Of late, I have been questioning that blurry distinction between aloneness and loneliness. I will be relocating later this year to another city, another continent. London has suited my need to be alone, and I have rarely felt lonely here. But then, being alone, or not, was usually a choice rather than an imposition. My daughter, and only child, is about to leave home. I have lived with her for 19 years, and although our lives are lived increasingly in parallel, her vague presence has no doubt protected me from many potential moments of loneliness.
Heading off to another place and another way of living, aloneness, and perhaps loneliness, may be forced upon me unless I make heroic efforts to ensure otherwise. The evidence suggests, strongly, that the more socially active we are, particularly as we age, the less likely we are to become depressed, and the more likely we are to delay the onset of cognitive impairment, and even possibly dementia.
I have been reading Olivia Laing’s The Lonely City. The tagline for the title is Adventures in the art of being alone, thus suggesting a conflation of both terms, ‘lonely’ and ‘alone’, and an implication that they might be synonymous. I wonder whether I have tried too hard to see them as separate and distinct entities – aloneness being ok, even noble, while loneliness suggests an element of the loser.

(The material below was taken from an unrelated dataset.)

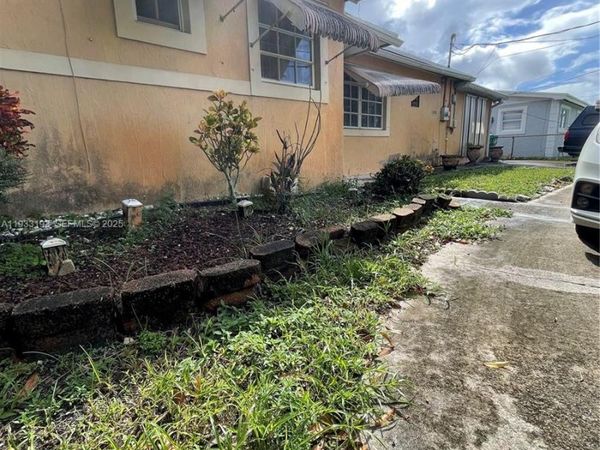 2210 NW 175th St, Miami Gardens, FL 33056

My own adjudication.
I am only a third of the way through Laing’s book, an intriguing read thus far that looks to art, both the works and its creators, in an exploration of loneliness, and how inextricably linked it is to the essence of humanity .
Laing reflects that ‘You can be lonely anywhere, but there is a particular flavour to the loneliness that comes from living in a city, surrounded by millions of people.’

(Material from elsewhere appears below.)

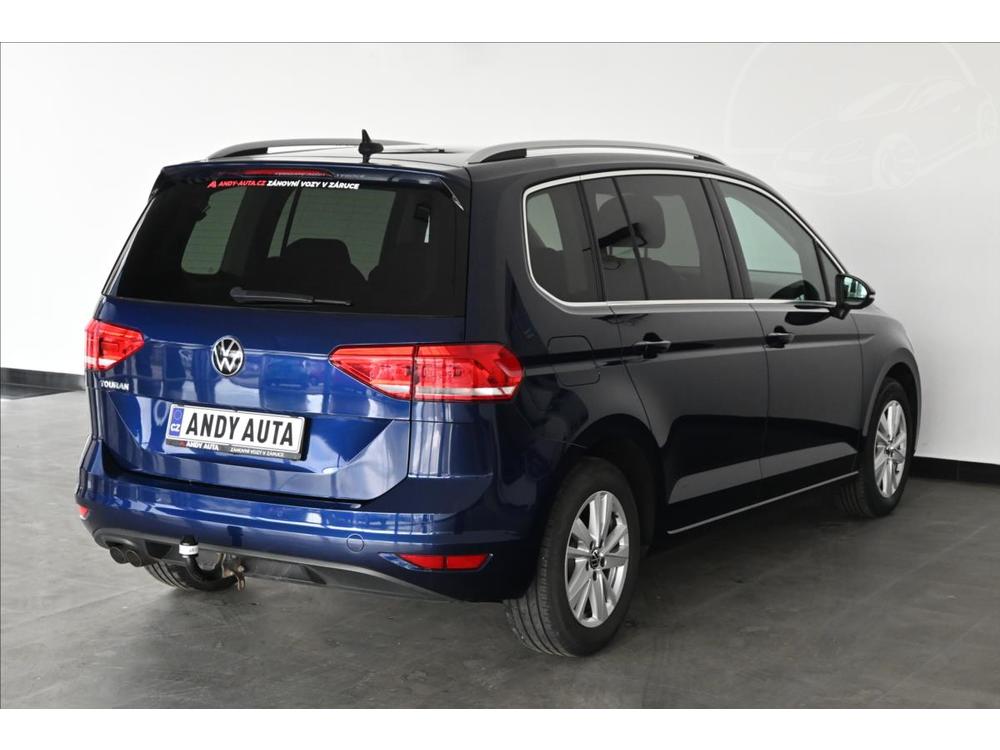 Volkswagen Touran 2,0 TDI 110 kW DSG HIGHLINE 7/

True. I remember after my marriage ended, being acutely aware of my aloneness when witnessing the togetherness of couples and families so omnipresent in the urban setting.
As I read Laing’s thoughts on art, Alice Neel comes to mind. Her painting Loneliness has always resonated with me, signifying an emptiness that being alone can instil, and also now suggesting an intertwining of aloneness and loneliness that I hadn’t hitherto appreciated.
I also think of poetry, particularly Carol Ann Duffy’s Practising Being Dead, which ends:
‘Nobody hears
your footsteps walking away along the gravel drive.’
I suspect that the arts – music, literature, cinema, theatre – have protected me from loneliness. When I find connection within the words of others, I am in a peopled place.
I have spent many hours over the past years in my little study, which is overcrowded with books. As I begin the process of packing up, I am gradually gifting them to friends and charities.
It feels a little like losing friends somehow. These shelves have been weighed down by books that have kept me company for many years. The people, thoughts and adventures they contain have transported me to alternate realities, and alongside keeping me company, that have also allowed me to imagine, to dream, and to be hopeful.
Even hopeful enough to consider writing my own book.